- **Records provided**:
- - - -

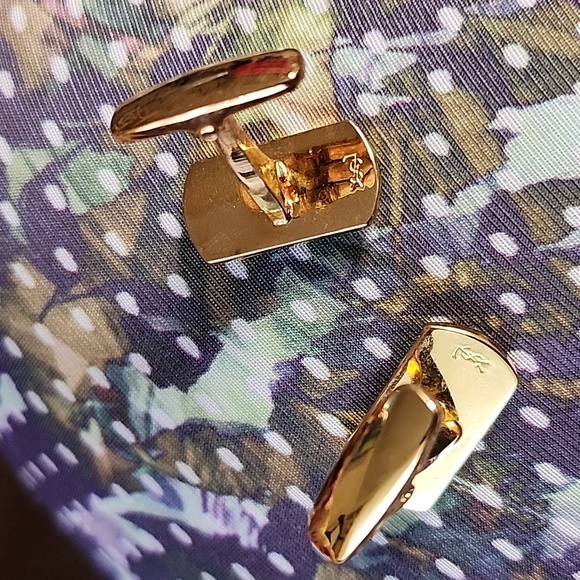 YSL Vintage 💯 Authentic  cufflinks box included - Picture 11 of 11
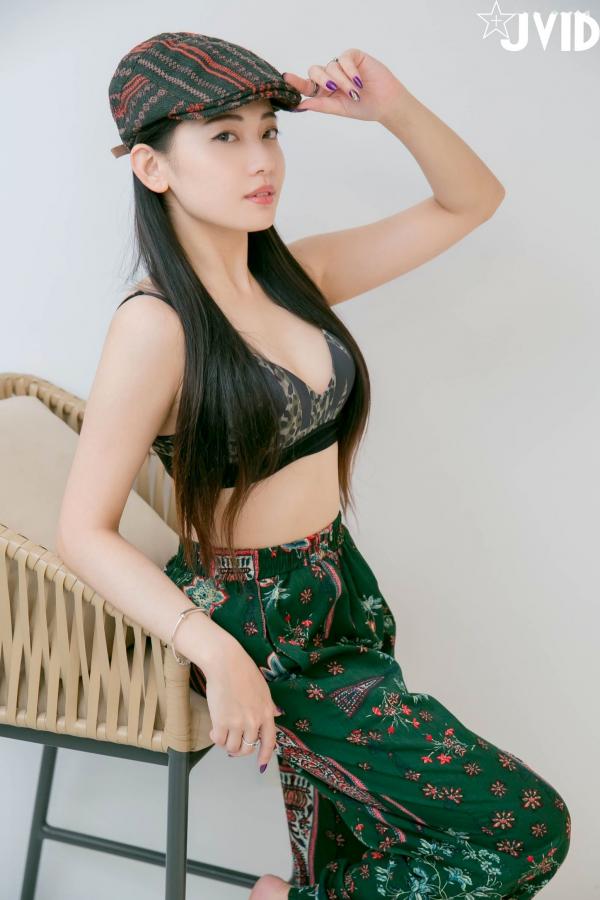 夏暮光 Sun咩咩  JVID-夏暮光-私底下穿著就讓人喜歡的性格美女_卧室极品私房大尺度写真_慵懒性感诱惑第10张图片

- - - -

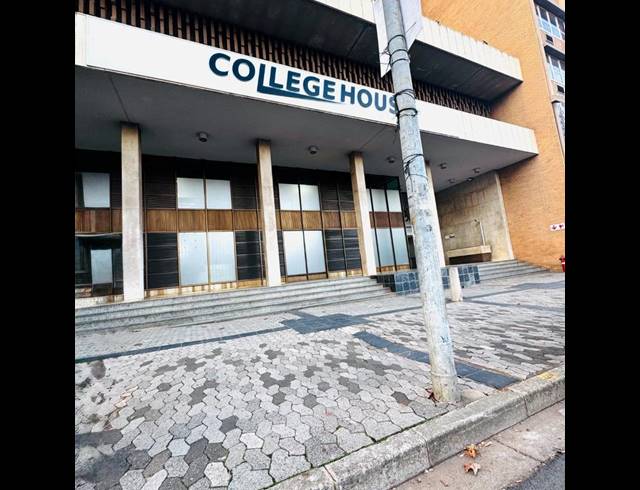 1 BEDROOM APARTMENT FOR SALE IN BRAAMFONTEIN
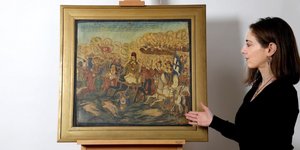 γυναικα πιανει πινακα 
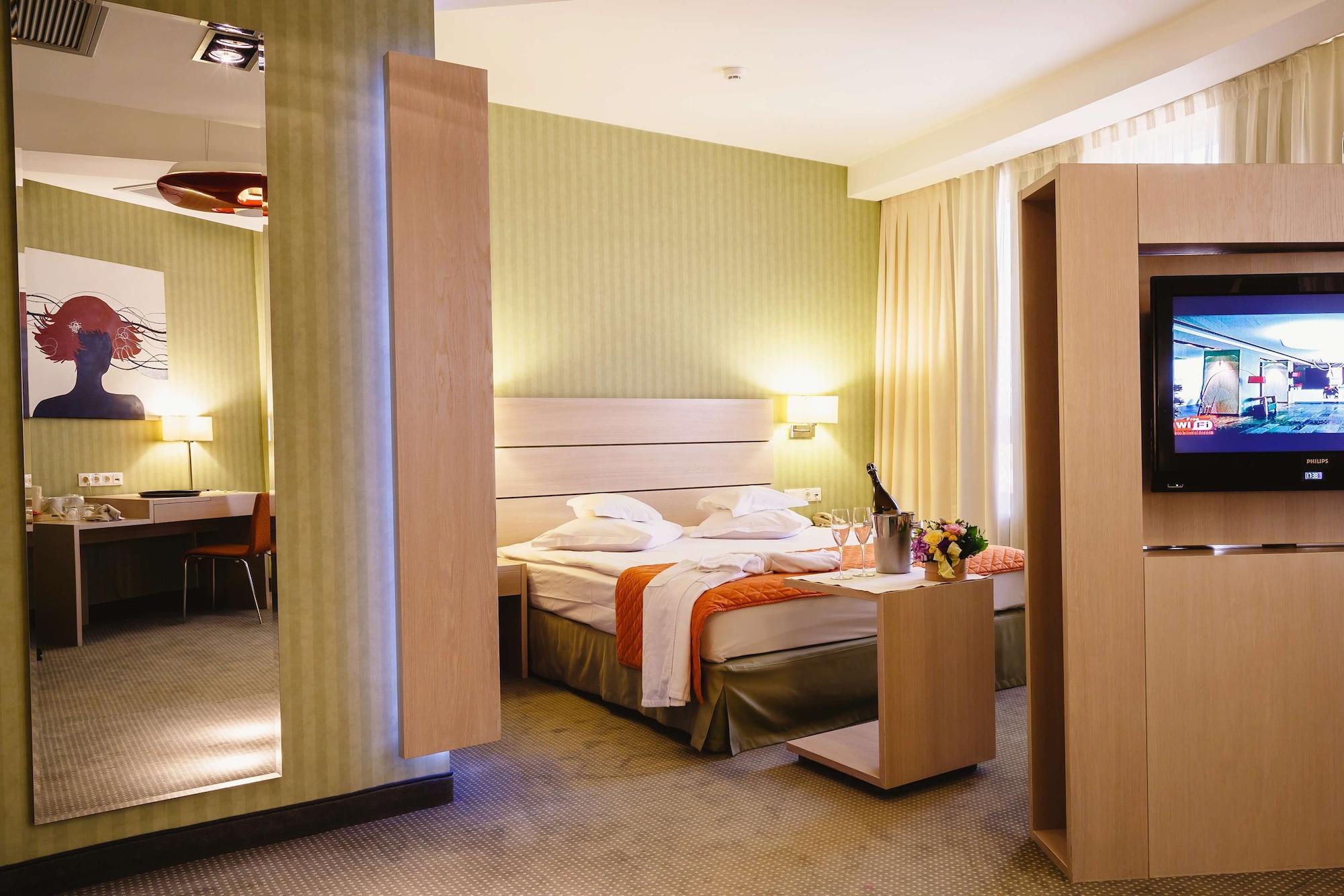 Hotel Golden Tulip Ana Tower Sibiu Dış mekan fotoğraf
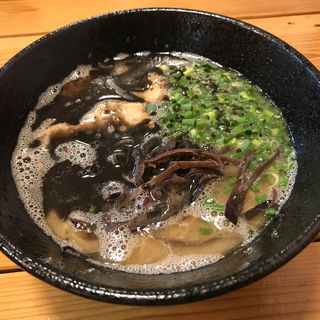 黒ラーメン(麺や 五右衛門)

- - - -

- **Your instructions**: Take only the lines above from the one that has "Hotel Golden Tulip" through the one that has "黒ラーメン(麺や 五右衛門)" and reproduce them exactly, omitting any pictures.

- **Reply**:
 Hotel Golden Tulip Ana Tower Sibiu Dış mekan fotoğraf
 黒ラーメン(麺や 五右衛門)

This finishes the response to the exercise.